To echo this article's sentiment I have always really disliked the anthropomorphization of the natural world. I think a lot of people think that it's a politically effective tactic, but I think the opposite is true. Getting human beings to even look at each other as being equally worthy of dignity and respect is already a tall order.
Human beings spend a lot more time perceiving the social structures they are in (even when they're not aware that they are doing so) than they do reacting to "objective" reality or nature. A lot of people in the world see themselves as being cast aside or outside the current dominant social structures. Convincing them to make sacrifices for the future when the present already seems irredeemably shitty is a losing political argument. Casting nature as yet another political constituency that they need to pay deference too is foolish.
Messages of hope are the only ones that will work to build consensus (even if hope seems irrational at this point).
Edit:
Personally, I think the only rational message of hope right now is that we should be ploughing as much money into science and technology as we can. We certainly shouldn't take our eye off the ball for dealing with climate change, but it seems obvious that we're going to need some pretty amazing technological breakthroughs if we're going to survive as a species.
Messages of hope are the only ones that will work to build consensus (even if hope seems irrational at this point).

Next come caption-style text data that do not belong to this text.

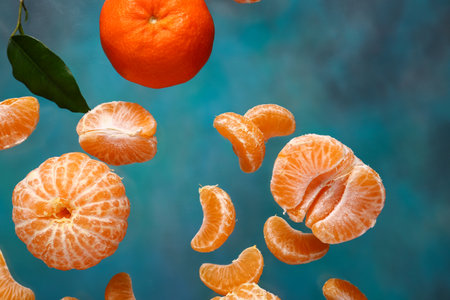 Flying sweet peeled mandarins and leaves on blue backgroundの写真素材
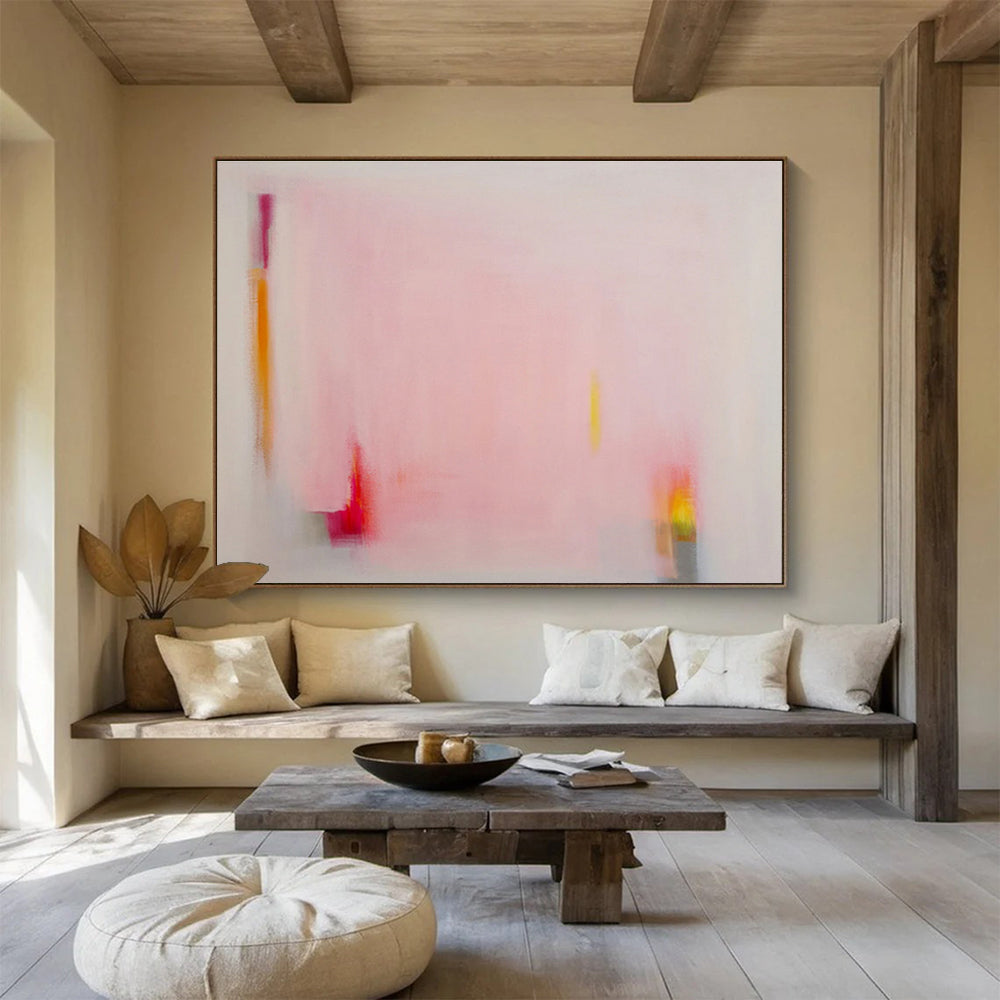 Minimalist Pink Abstract - Subtle Color Accents and Calm Composition Painting On Canvas DKH057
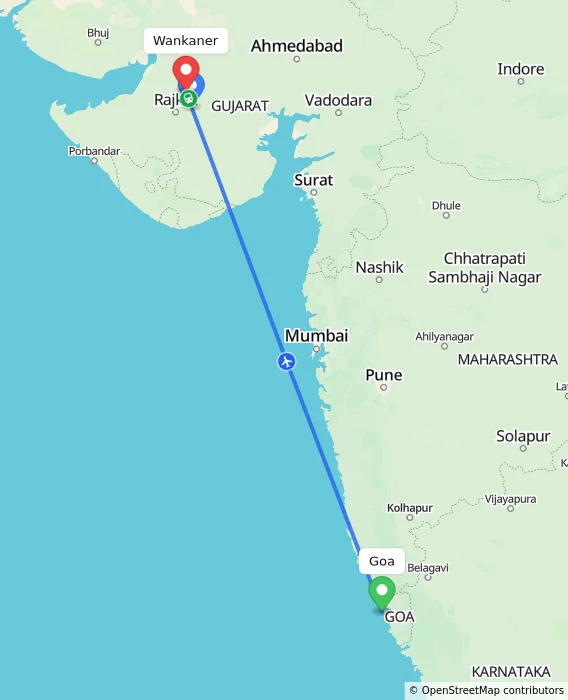 Route map showing distance and travel time from Goa, India to Wankaner, India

Consensus is a bad goal, because it can be upset by a tiny number of people willing to act in bad faith. Strategically speaking, it's better to press ahead in pursuit of the large goal and buy off key potential objectors.
Hope, yes. And yes, we basically need to invent wings before we go plummeting off of this particular cliff because the stopping option was probably lost over a decade ago. But too much forcing of positivity comes off as dishonest as well. We don't need to convince deniers at this point. They're dug in emotionally, and it's not likely they'll change their minds even if some natural disaster takes their home or loved ones. We do need people to know that this is it: it's now or never to start acting on the problem.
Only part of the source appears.